2734. Lexicographically Smallest String After Substring Operation

Description

Given a string s consisting of lowercase English letters. Perform the following operation:

• Select any non-empty substring then replace every letter of the substring with the preceding letter of the English alphabet.
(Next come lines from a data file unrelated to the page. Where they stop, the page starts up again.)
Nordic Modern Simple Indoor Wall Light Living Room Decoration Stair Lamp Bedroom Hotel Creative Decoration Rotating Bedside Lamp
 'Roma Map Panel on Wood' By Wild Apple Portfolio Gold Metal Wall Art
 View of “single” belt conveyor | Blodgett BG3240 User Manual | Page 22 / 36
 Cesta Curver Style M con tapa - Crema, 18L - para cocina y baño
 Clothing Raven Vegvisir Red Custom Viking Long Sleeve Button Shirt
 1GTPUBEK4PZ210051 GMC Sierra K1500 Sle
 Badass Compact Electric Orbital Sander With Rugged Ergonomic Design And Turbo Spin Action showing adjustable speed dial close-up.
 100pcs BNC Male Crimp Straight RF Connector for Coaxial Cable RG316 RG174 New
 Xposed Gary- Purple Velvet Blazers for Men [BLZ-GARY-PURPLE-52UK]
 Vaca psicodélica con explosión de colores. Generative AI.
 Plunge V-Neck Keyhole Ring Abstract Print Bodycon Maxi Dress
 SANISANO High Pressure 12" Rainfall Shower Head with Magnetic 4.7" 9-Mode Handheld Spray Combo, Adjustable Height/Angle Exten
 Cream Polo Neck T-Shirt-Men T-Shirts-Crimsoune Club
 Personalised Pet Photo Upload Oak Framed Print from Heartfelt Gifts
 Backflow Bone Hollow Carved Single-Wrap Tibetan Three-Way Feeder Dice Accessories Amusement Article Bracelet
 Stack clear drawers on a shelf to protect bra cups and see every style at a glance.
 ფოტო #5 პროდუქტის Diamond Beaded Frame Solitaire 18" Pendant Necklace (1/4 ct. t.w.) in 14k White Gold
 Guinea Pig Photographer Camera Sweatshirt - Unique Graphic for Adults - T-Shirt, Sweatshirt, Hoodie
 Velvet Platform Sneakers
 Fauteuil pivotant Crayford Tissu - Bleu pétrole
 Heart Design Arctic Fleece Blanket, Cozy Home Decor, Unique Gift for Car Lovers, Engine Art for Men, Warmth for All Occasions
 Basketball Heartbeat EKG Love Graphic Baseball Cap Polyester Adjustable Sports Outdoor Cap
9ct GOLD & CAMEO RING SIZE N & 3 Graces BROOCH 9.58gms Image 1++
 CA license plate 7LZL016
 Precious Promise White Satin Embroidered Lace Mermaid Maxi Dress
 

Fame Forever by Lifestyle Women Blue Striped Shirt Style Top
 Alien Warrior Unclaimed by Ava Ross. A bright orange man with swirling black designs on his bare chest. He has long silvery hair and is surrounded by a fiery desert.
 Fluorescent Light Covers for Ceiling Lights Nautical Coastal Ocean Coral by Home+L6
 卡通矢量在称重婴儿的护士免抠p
For example, 'b' is converted to 'a', and 'a' is converted to 'z'.

Return the lexicographically smallest string after performing the operation.

 

Example 1:

Input: s = "cbabc"

Output: "baabc"

Explanation:

Perform the operation on the substring starting at index 0, and ending at index 1 inclusive.

Example 2:

Input: s = "aa"

Output: "az"

Explanation:

Perform the operation on the last letter.

Example 3:

Input: s = "acbbc"

Output: "abaab"

Explanation:

Perform the operation on the substring starting at index 1, and ending at index 4 inclusive.

Example 4:

Input: s = "leetcode"

Output: "kddsbncd"

Explanation:

Perform the operation on the entire string.

 

Constraints:

• 1 <= s.length <= 3 * 105
• s consists of lowercase English letters

Solutions

Solution 1: Greedy Algorithm

We can traverse the string $s$ from left to right, find the position $i$ of the first character that is not 'a', and then find the position $j$ of the first 'a' character starting from $i$. We decrement each character in $s[i:j]$, and finally return the processed string.

The time complexity is $O(n)$, and the space complexity is $O(n)$. Here, $n$ is the length of the string $s$.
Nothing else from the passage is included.